Password Similarity Detection Using Deep Neural Networks
This project was the case study of my bachelor’s thesis.
Source code can be found here
Introduction
Nowadays people tend to create more profiles or change password of their current profiles for security reasons. Existent passwords and literature-based words have a great impact on the candidate password. This could be a risk for the user privacy. For example, an user has the password mum77
and he/she wants to create a new account for a different website. A candidate password could be mommy1977
, which is a variation of mum77
and it more risky if an attacker has discovered the first password in a leak.
The purpose of this project is to give a feedback about password similarity between the new password and the old one using Deep Neural Networks. As a reference, a scientific article published at IEEE Symposium on Security and Privacy 2019 chosen.
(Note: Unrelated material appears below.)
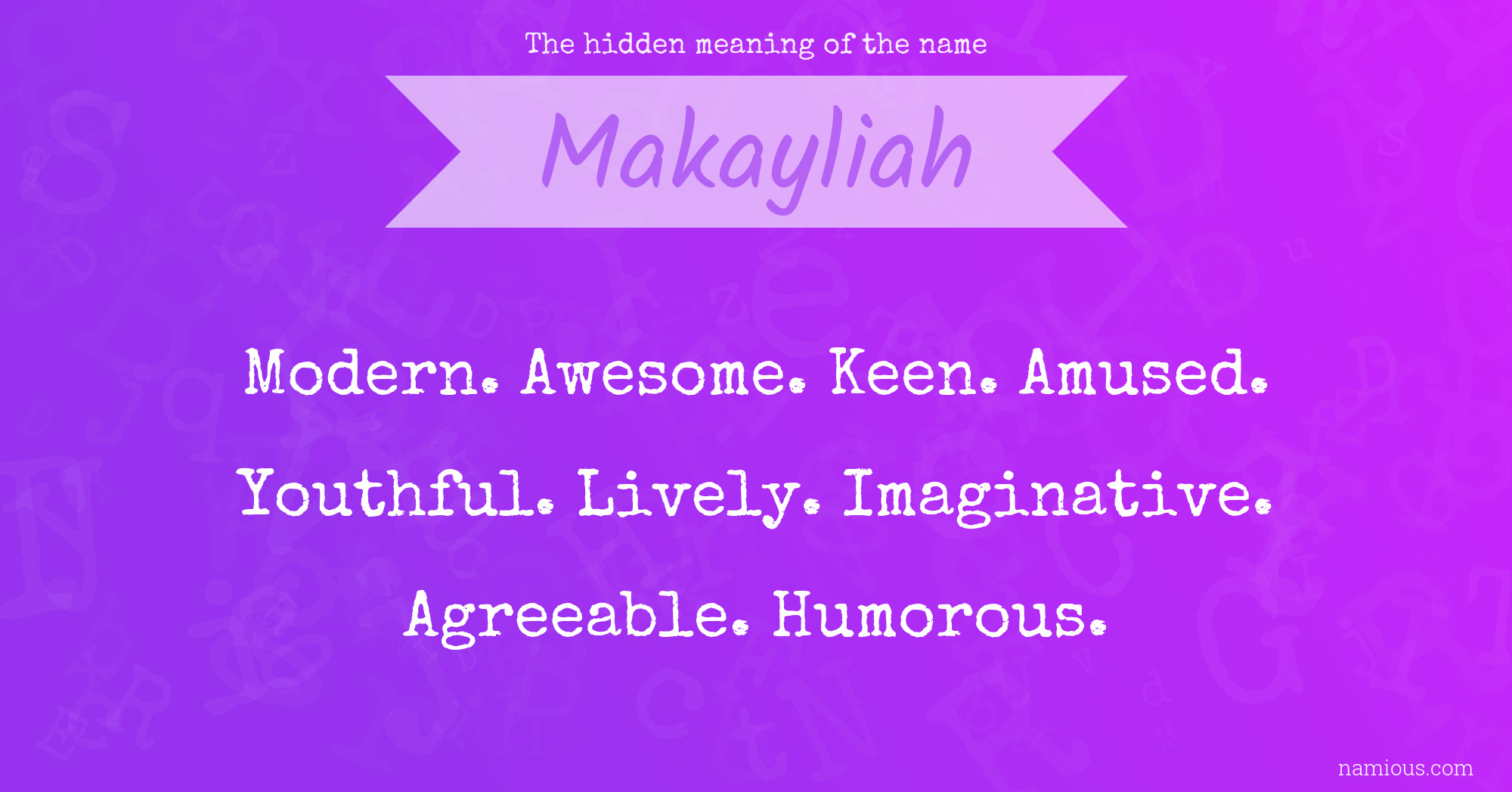 The hidden meaning of the name Makayliah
Then the entire architecture was reimplemented and improved, and a comparison between the obtained results and the case study was made.
Data pre-processing
File: preparing_dataset.py
First of all I used a compilation of password leaks containing 1.4 billion email-password pairs from the Deep Web. Further operations were applied on the dataset:
- Passwords longer than 30 characters or shorter than 4 removal.
- Non ASCII printable characters in password removal.
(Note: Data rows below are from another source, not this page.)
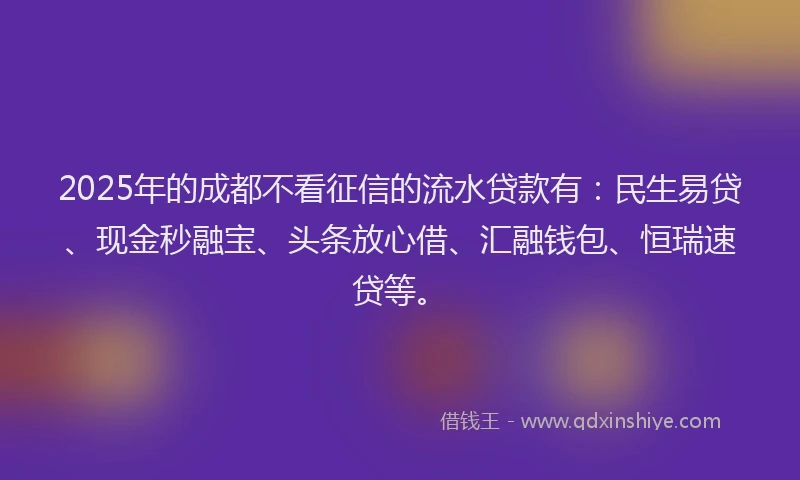 2025年的成都不看征信的流水贷款有：民生易贷、现金秒融宝、头条放心借、汇融钱包、恒瑞速贷等。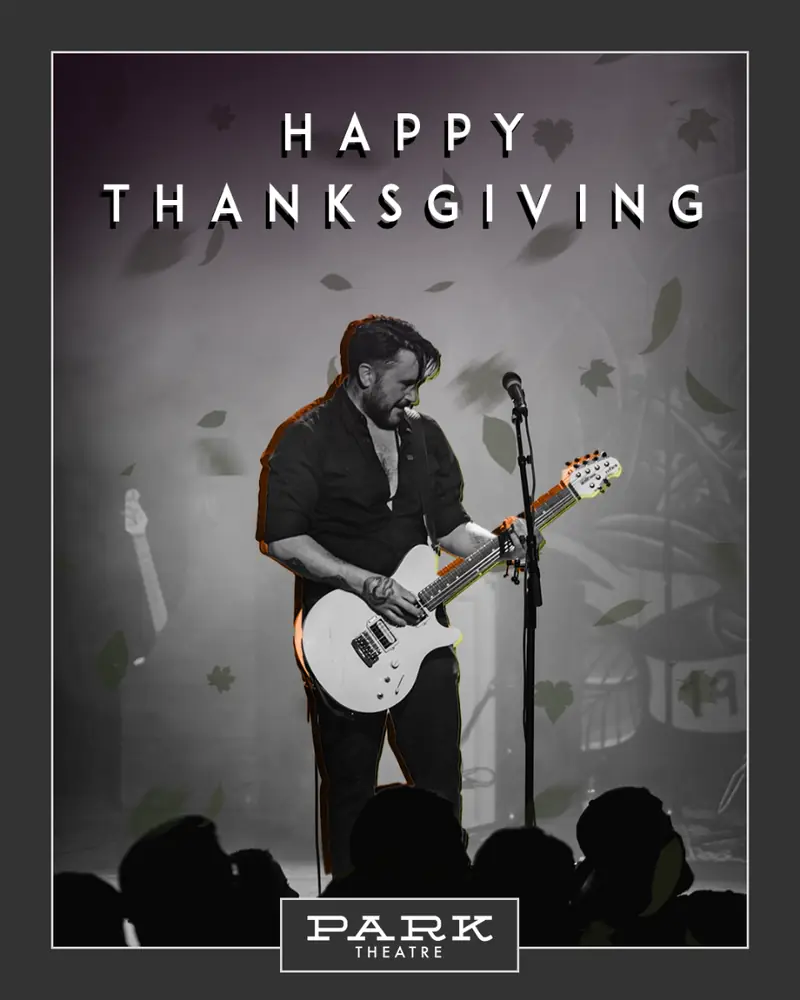 Happy Thanksgiving à The Park Theatre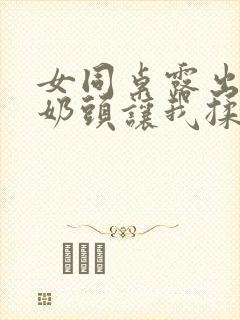 女同桌露出两个奶头让我揉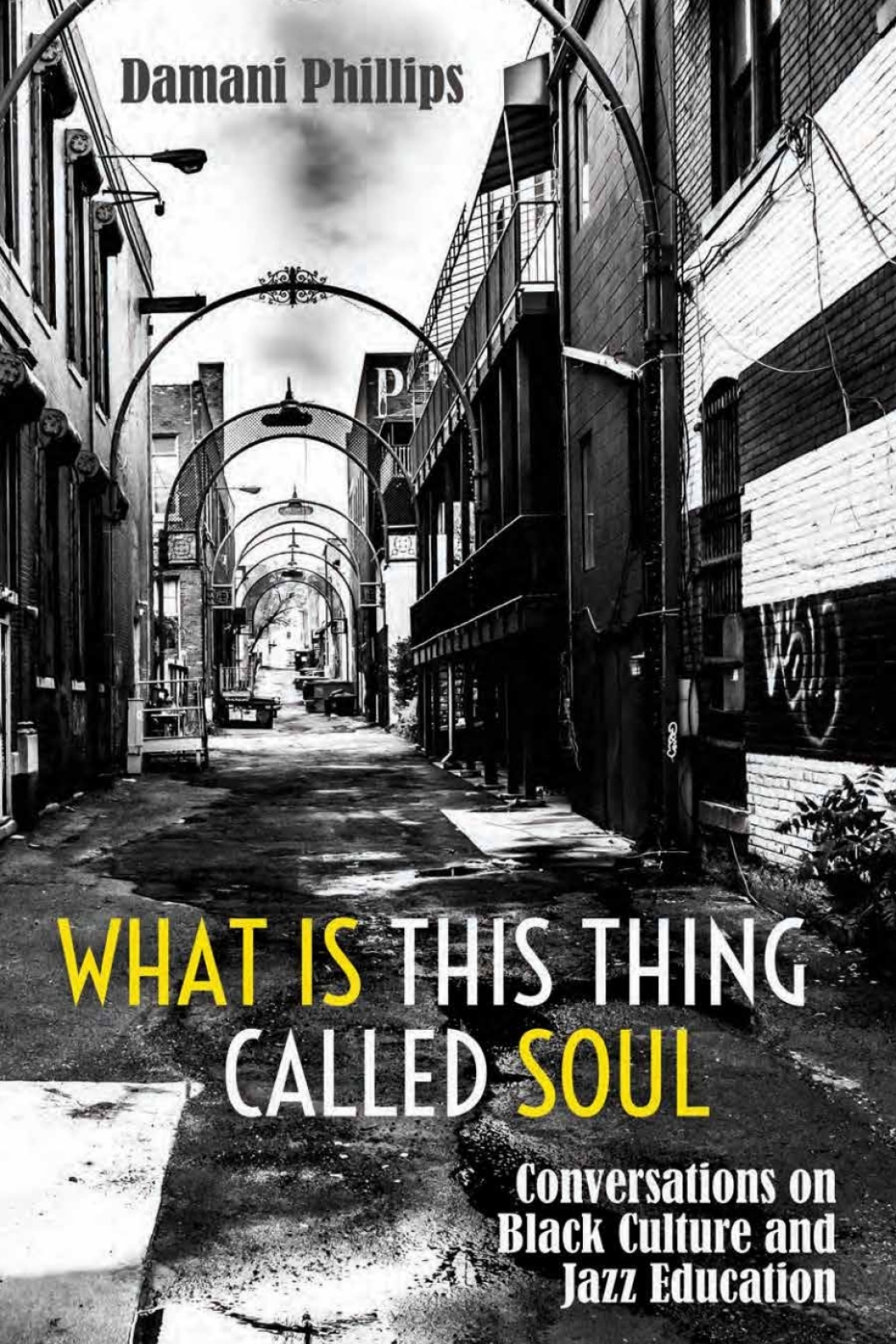What Is This Thing Called Soul Conversations on Black Culture and Jazz Education 1st Edition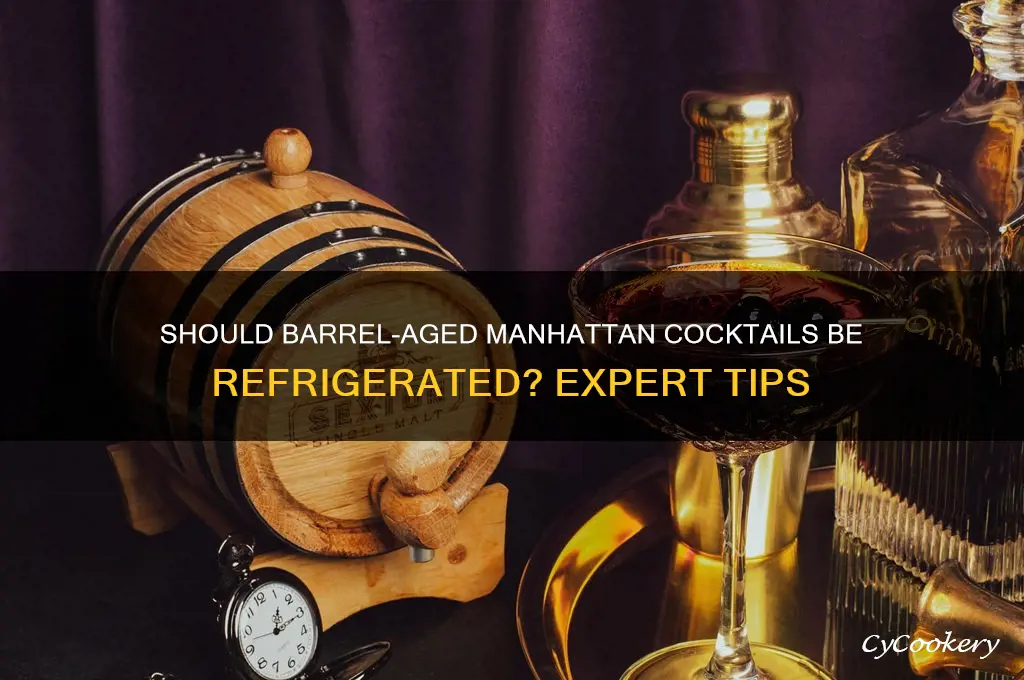 does barrel aged manhattan have to be refrigerated
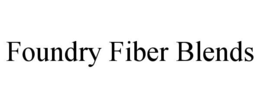 FOUNDRY FIBER BLENDS trademark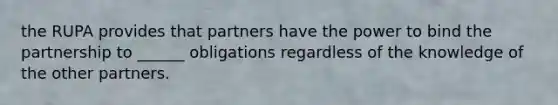 the RUPA provides that partners have the power to bind the partnership to ______ obligations regardless of the knowledge of the other partners.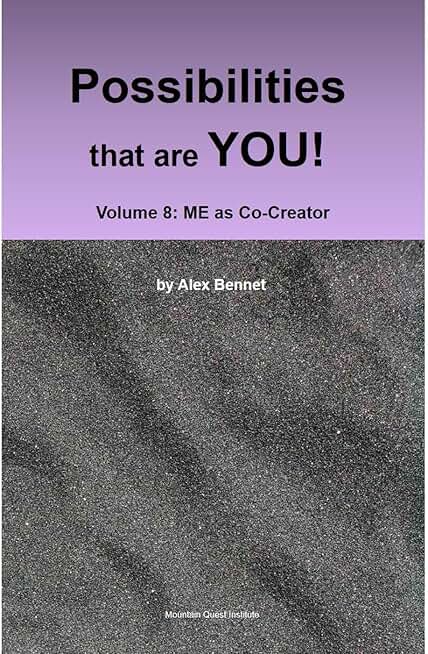 Possibilities that are YOU! Volume 8: ME as Co-Creator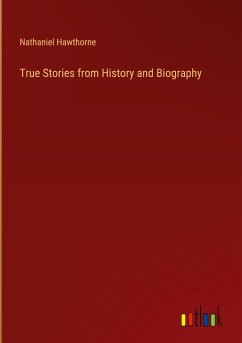 True Stories from History and Biography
- Bot (which are recognisable by the same mail used more than 100 times) removal.
- HEX passwords (identified by
$HEX[]
) and\x
removal. - HTML char set removal, for example:
>
&ge
<
&le
-
&#
(HTML entity code) amp
- Due to the impossibility of similarity detection, accounts with less than 2 password were removed.
After that, two dataset were build:
- The first one, according with Bijeeta et alii, contains all the passwords in key-presses format (using the
word2keypress
package). - The second one contains all the passwords as they are.
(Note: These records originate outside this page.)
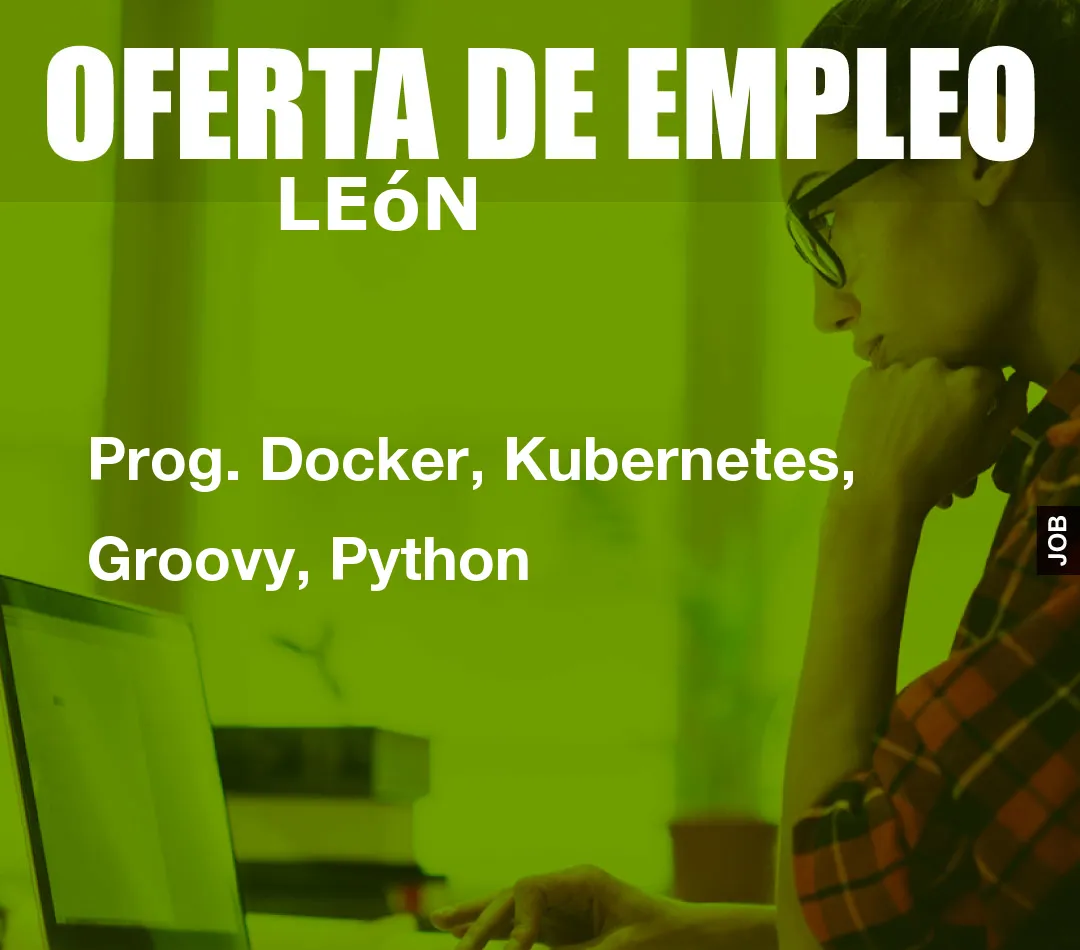 Prog. Docker, Kubernetes, Groovy, Python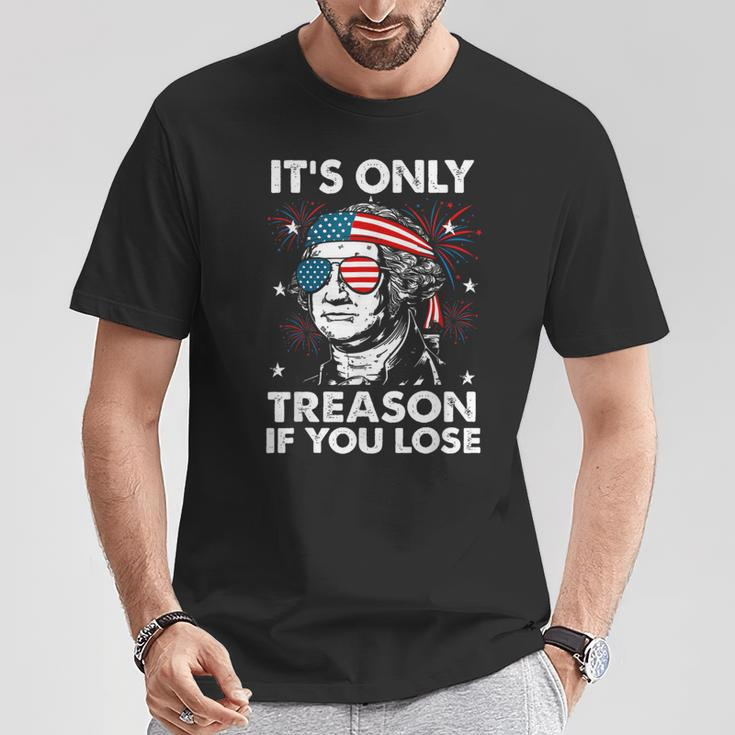 4Th Of July Only Treason If You Lose George Washington T-Shirt Unique Gifts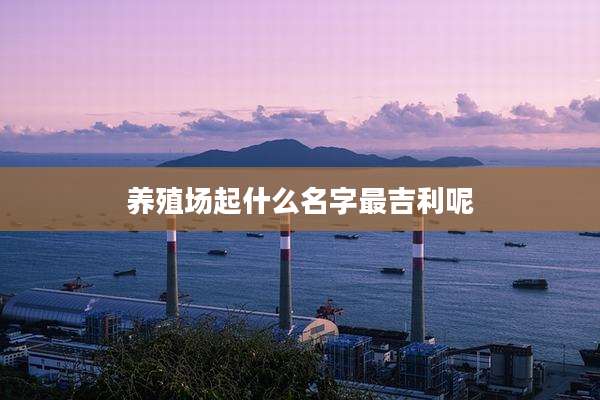 养殖场起什么名字最吉利呢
The filtered datasets were saved in two .csv
files in this format:
- in the first dataset:
sample@gmail.com:["'97314348'", "'voyager<s>1'"]
- in the second dataset:
sample@gmail.com:["'97314348'", "'voyager!'"]
Word2keypress
Every password in the first dataset was translated in a keypress sequence on an ANSI american keyboard:
- Every capital letter was represented by
<s>
(theSHIFT
key) before the lowercase version.
e.g.Hello -> <s>hello
- If there is a sequence of consecutive capital letters, followed by lowercase letters, the
<c>
tag (theCAPS LOCK
key) is inserted before and after the sequence, which will be represented by lowercase letters. e.g.Password -> <c>pass<c>word
- If a sequence of capital letters ends at the end of the word, the
<c>
tag wil be placed before the sequence.
e.g.
PASSWORD -> <c>password
passWORD -> pass<c>word
- If a password contains ASCII 128 special characters, the
<s>
tag will be placed before the special character, which is translated asSHIFT + <key for the specific character>
e.g.PASSWORD! -> <c>password<s>1
Hello@!! -> <s>hello<s>2<s>1<s>1
Splitting dataset
File: split_dataset.py
Both datasets are splitted in training set (which is 90% of the original dataset) and test set (the remaining 10% of the original dataset).
Training FastText
File: FastText_training.ipynb
and PasswordRetriever.py
In this file FastText will be trained based on the given training set.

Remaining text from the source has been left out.